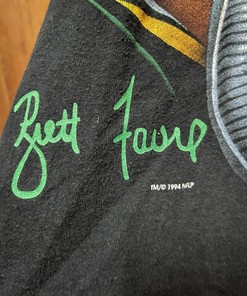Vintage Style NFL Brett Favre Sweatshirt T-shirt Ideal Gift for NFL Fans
...
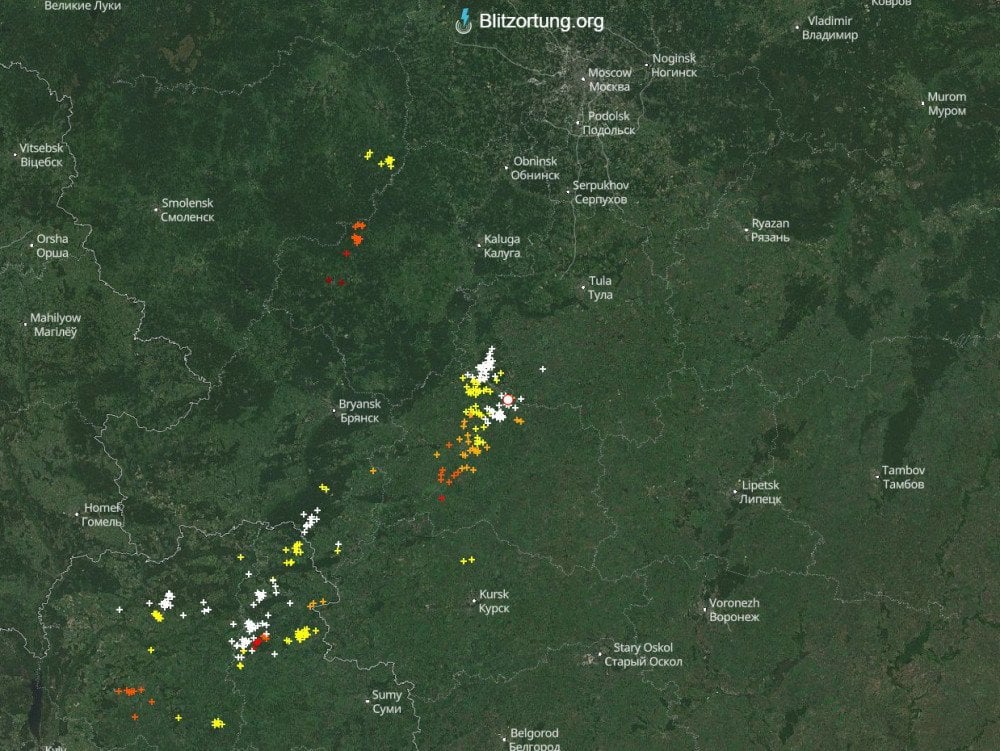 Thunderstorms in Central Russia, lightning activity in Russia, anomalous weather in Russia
...
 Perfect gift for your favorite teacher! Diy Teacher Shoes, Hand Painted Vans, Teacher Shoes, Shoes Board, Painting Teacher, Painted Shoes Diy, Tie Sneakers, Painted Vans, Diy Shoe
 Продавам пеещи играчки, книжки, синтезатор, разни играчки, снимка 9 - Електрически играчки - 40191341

#### The problem
Copy exactly the stretch of data above from the line with "Perfect gift for" through the line with "Продавам пеещи играчки, книжки, синтезатор, разни", and omit all other lines.

#### Response area
 Perfect gift for your favorite teacher! Diy Teacher Shoes, Hand Painted Vans, Teacher Shoes, Shoes Board, Painting Teacher, Painted Shoes Diy, Tie Sneakers, Painted Vans, Diy Shoe
 Продавам пеещи играчки, книжки, синтезатор, разни играчки, снимка 9 - Електрически играчки - 40191341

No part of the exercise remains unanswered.